I had reorder problems with netem qdisc. I make use of the NRL CORE network emulator, which sets up virtual routers and links, build with network namespaces and netem. Typical CORE config for a n1<-->n2 link with rate (1024Kbps), delay (50ms) and no jitter:
  qdisc tbf 1: dev n1.eth0.222 root refcnt 2 rate 1024Kbit burst 2999b lat 488.6ms 
  qdisc netem 10: dev n1.eth0.222 parent 1:1 limit 1000 delay 50.0ms
  qdisc tbf 1: dev n2.eth0.222 root refcnt 2 rate 1024Kbit burst 2999b lat 488.6ms 
  qdisc netem 10: dev n2.eth0.222 parent 1:1 limit 1000 delay 50.0ms

I added jitter to this bi-directional link, e.g. 20ms. Now the delay for each packet is 50ms +/- 20ms is 30ms to 70ms.
However, this has some unexpected results: packets may be reordered. That is because the actual delay is calculated for each packet. Some packets have a larger delay, some have a smaller. If the inter-packet spacing is smaller than the time differences set by netem (up to 2x configured jitter), packets are reordered. In this example with +/20ms, this is the case with packet rate larger than 25pps. Reordering has bad effects on transport protocol throughputs. Reordering is less common on the Internet, so I don't want to emulate such. I don't say there is no reordering, I just say I don't want this netem behavior.

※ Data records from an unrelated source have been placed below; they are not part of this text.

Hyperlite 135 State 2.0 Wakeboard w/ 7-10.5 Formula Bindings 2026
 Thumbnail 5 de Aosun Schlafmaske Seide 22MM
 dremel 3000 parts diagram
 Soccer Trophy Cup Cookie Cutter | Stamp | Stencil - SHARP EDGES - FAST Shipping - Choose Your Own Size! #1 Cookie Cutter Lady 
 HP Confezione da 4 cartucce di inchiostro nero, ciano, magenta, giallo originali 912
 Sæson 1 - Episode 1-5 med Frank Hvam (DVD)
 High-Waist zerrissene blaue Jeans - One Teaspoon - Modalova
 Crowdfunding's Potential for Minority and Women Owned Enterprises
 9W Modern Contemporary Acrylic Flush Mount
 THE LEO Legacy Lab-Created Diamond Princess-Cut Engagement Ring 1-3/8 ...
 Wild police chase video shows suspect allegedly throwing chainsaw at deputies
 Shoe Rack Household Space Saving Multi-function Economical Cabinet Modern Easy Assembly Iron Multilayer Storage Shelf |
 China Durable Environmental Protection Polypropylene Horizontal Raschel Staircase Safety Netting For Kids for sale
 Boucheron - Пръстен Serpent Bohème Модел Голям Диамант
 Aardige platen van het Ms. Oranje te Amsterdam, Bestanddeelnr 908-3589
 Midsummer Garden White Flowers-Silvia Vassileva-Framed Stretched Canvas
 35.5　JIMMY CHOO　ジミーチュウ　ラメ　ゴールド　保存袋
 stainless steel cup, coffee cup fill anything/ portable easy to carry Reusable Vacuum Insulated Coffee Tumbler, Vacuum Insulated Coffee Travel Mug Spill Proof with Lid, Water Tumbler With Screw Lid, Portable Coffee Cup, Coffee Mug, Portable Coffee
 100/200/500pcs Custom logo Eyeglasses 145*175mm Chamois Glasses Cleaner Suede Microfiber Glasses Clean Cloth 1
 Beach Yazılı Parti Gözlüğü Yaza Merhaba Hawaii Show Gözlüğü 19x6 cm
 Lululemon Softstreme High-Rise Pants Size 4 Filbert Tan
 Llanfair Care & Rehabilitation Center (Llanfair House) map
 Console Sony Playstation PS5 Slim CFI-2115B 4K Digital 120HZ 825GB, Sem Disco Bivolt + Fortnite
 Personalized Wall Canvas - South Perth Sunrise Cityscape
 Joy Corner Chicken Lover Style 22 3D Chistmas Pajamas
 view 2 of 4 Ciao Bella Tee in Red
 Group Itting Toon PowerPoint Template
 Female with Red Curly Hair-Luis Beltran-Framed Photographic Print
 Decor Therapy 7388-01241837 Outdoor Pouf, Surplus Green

The netem guide mentions this unexpected results. It was caused by a change in version 1.1 (2.6.15). For people like me that do not want this, there is a work-around mentioned. However, this doesn't work anymore since somewhere before 2.6.31.
http://www.linuxfoundation.org/collaborate/workgroups/networking/netem
https://lists.linux-foundation.org/pipermail/netem/2011-April/001507.html

So what to do? The recent patch from Eric Dumazet eliminates jitter_reordering when netem rate is configured. Maybe not the clean approach, but acceptable. Ferry his patch eliminates jitter_reordering. Some people may use reorder by jitter, so this "feature" should not get removed. So Ferry his patch is not accepted. On the other hand, people like me are very confused by current behavior.

What we could do is keep existing features and describe what netem currently does. That is:
 - netem with delay and jitter may reorder packets, if inter packet spacing is smaller than jitter
 - reordering caused by delay and jitter can be turned off by using netem rate. rate can be set to very high value is no shaping is wanted.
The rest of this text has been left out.